Dalam laporan resminya, BADAI menyampaikan beberapa tuntutan krusial yang ditujukan kepada penegak hukum dan pemerintah daerah:
- Kejati Sumsel: Mendesak Kejati Sumsel segera memerintahkan Kejaksaan Negeri (Kejari) Lubuklinggau untuk memanggil dan memeriksa Kepala Dinas PUPR Muratara serta Pejabat Pembuat Komitmen (PPK) yang bertanggung jawab atas proyek-proyek tersebut.
- Polda Sumsel: Mendesak Subdit Tipidkor Ditreskrimsus Polda Sumsel menginstruksikan Tipidkor Polres Muratara agar segera melakukan penyelidikan marathon dan memproses hukum oknum-oknum yang terlibat.
- Audit Kekayaan: Mendesak lembaga berwenang melakukan audit investigatif terhadap seluruh harta kekayaan milik Kepala Dinas PUPR Muratara dan PPK terkait.
- Pencopotan Jabatan: Mendesak Bupati Musi Rawas Utara mengambil tindakan tegas dengan segera mencopot Kepala Dinas PUPR Muratara dari jabatannya guna mempermudah proses hukum dan mencegah intervensi.
Didink menegaskan, langkah berani yang ditempuh lembaga yang dipimpinnya murni merupakan bentuk social control (kontrol sosial) demi kemajuan dan transparansi pembangunan di Kabupaten Musi Rawas Utara.
”Kami pastikan tidak ada dendam pribadi maupun tendensi tertentu dalam gerakan ini.
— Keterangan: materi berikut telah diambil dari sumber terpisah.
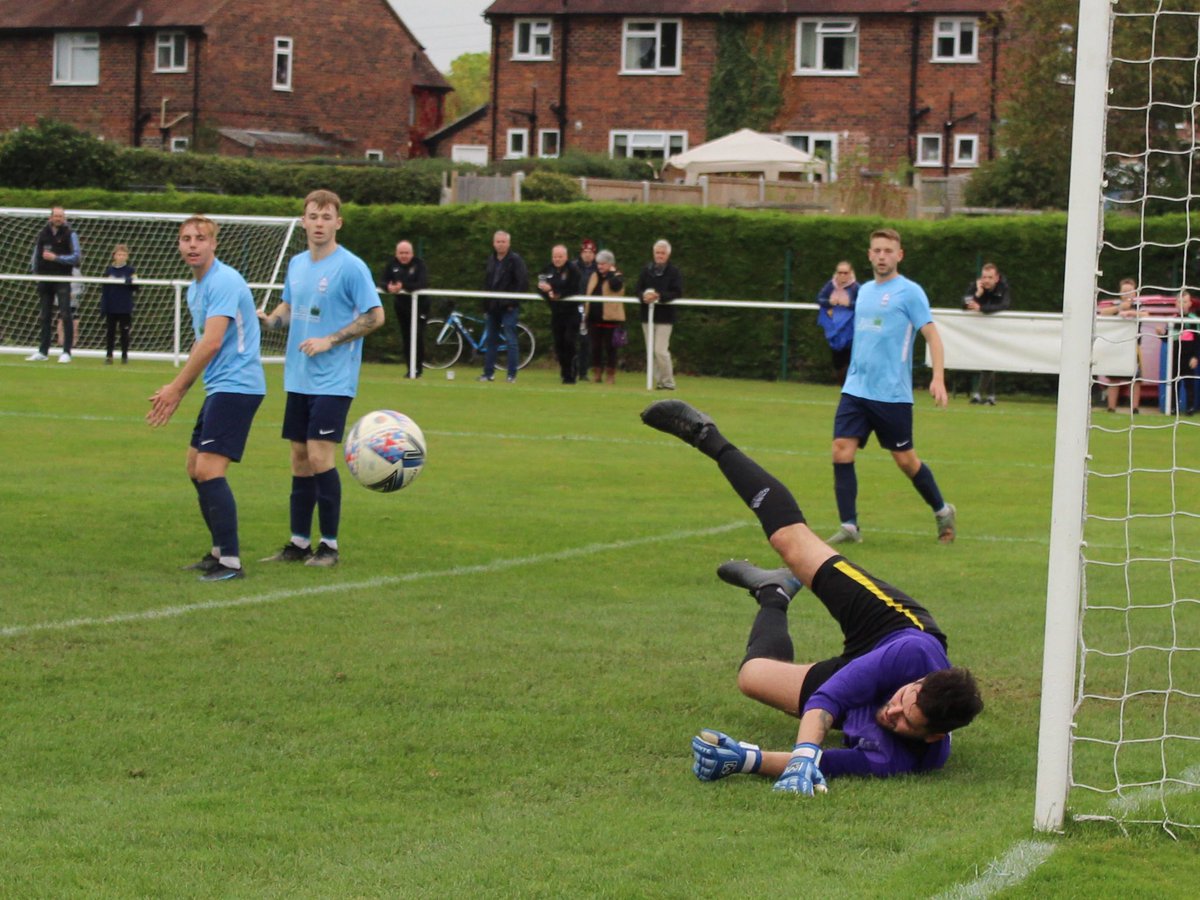 torbs62's tweet photo. @EllesRangers_FC keeper made some fine saves this afternoon in their 3-3 draw against @CheadleNomads @nwcfl #grassrootsfootball #nonleaguefootball https://t.co/SEWOk11Bjz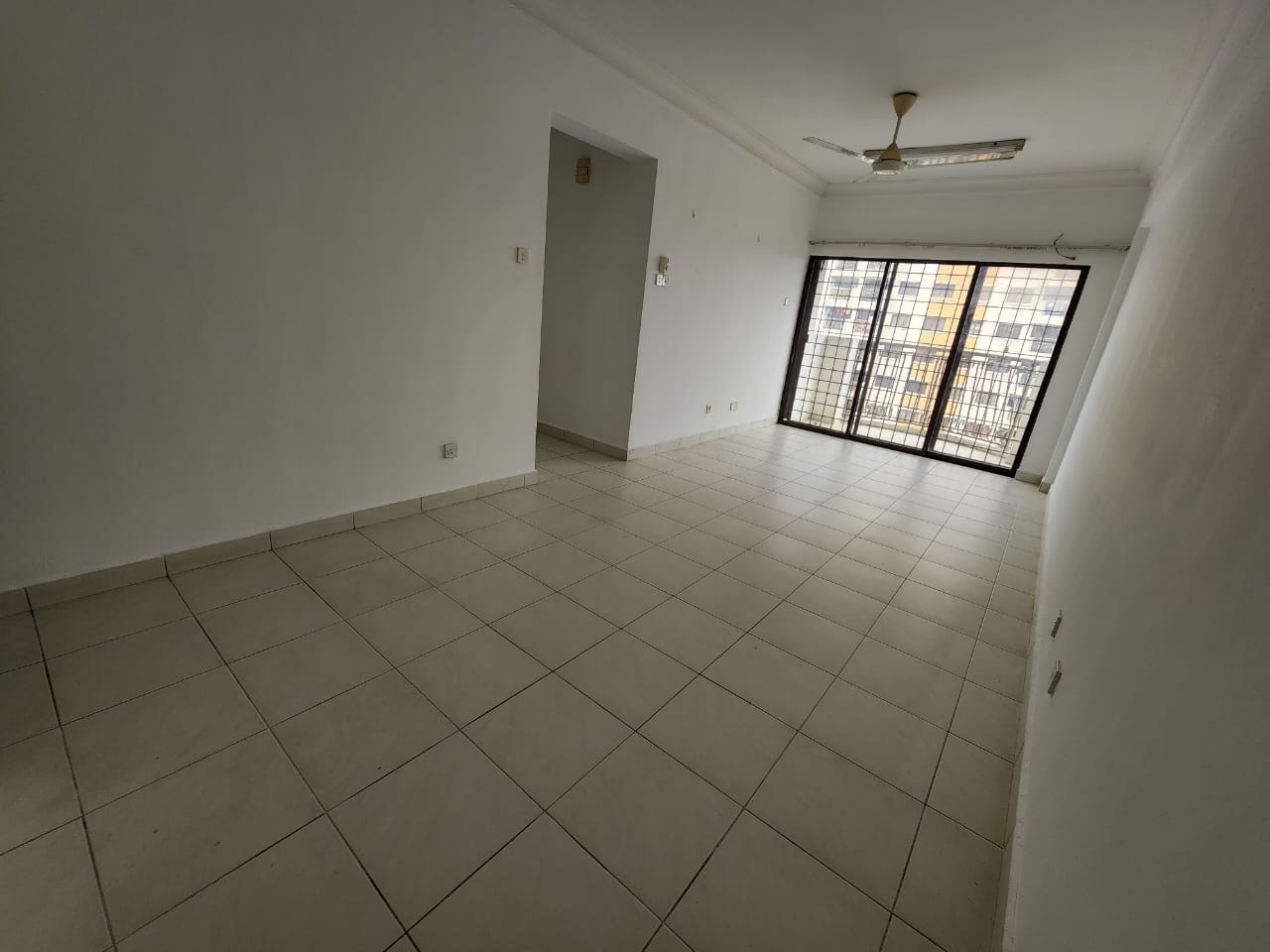 Avilla Condo - photo 1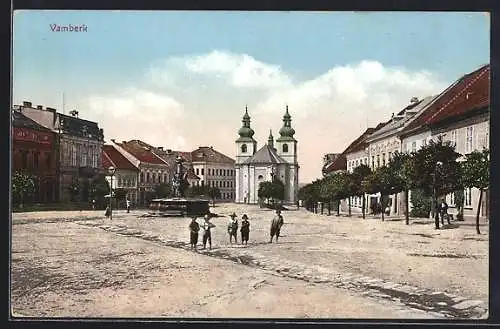 AK Vamberk, Ortspartie mit Brunnen und Kirche
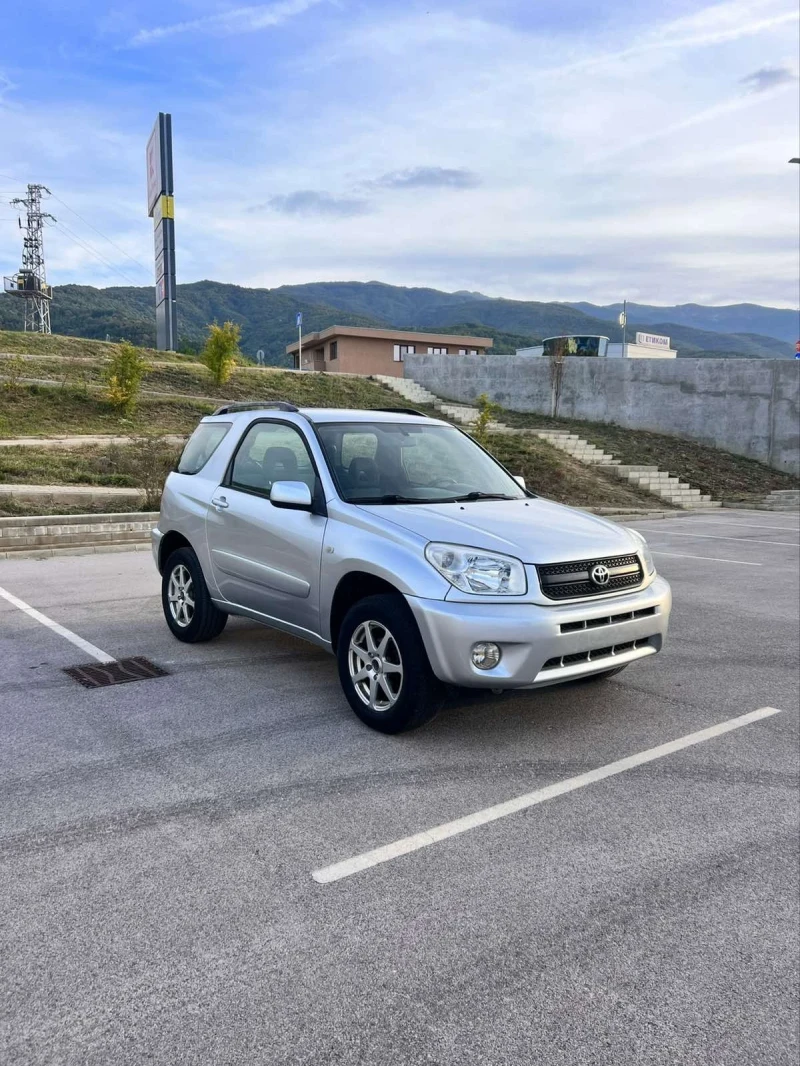 Toyota Rav4 2.0 Бензин, снимка 3 - Автомобили и джипове - 47358689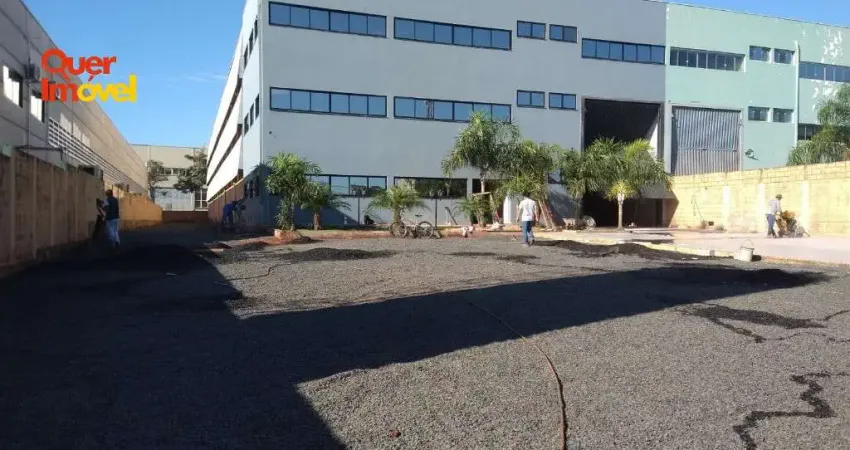 Galpão Comercial com 3 Salas, 4 Banheiros e 10 Vagas de Garagem em Cravinhos-SP - 1.550,00 m² de Área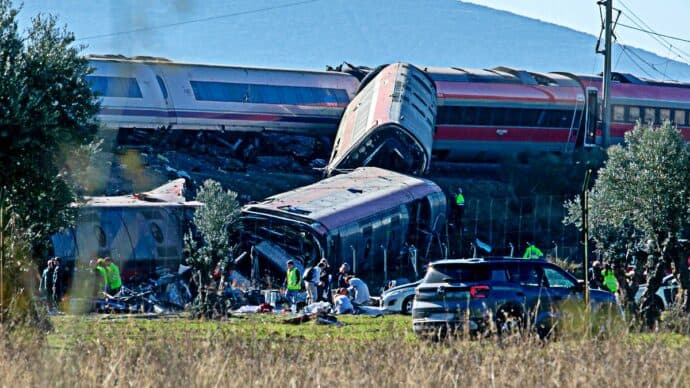 Strage dei treni in Spagna, l'avviso prima dello schianto: 17 minuti per evitare la tragedia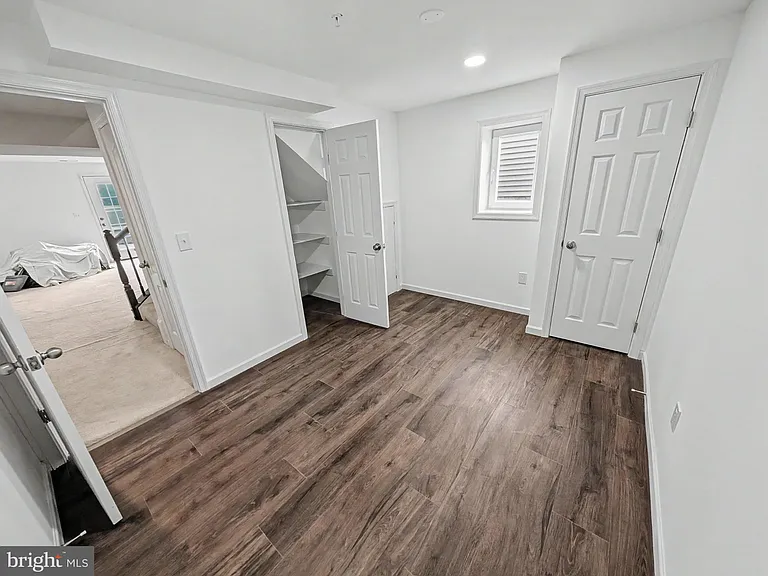 6515 Langbrooke Ct — Photo 5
Ini murni kewajiban moral kami sebagai masyarakat demi menyelamatkan uang negara dan memastikan Muratara lebih baik. Kami akan mengawal dan memantau langsung setiap tahapan kinerja Kejati Sumsel dan APH lainnya dalam menangani kasus ini,” pungkasnya dengan nada mantap.
Hingga berita ini diturunkan, pihak Dinas PUPR Kab. Muratara belum memberikan keterangan resmi terkait laporan dan tuntutan yang dilayangkan oleh BADAI.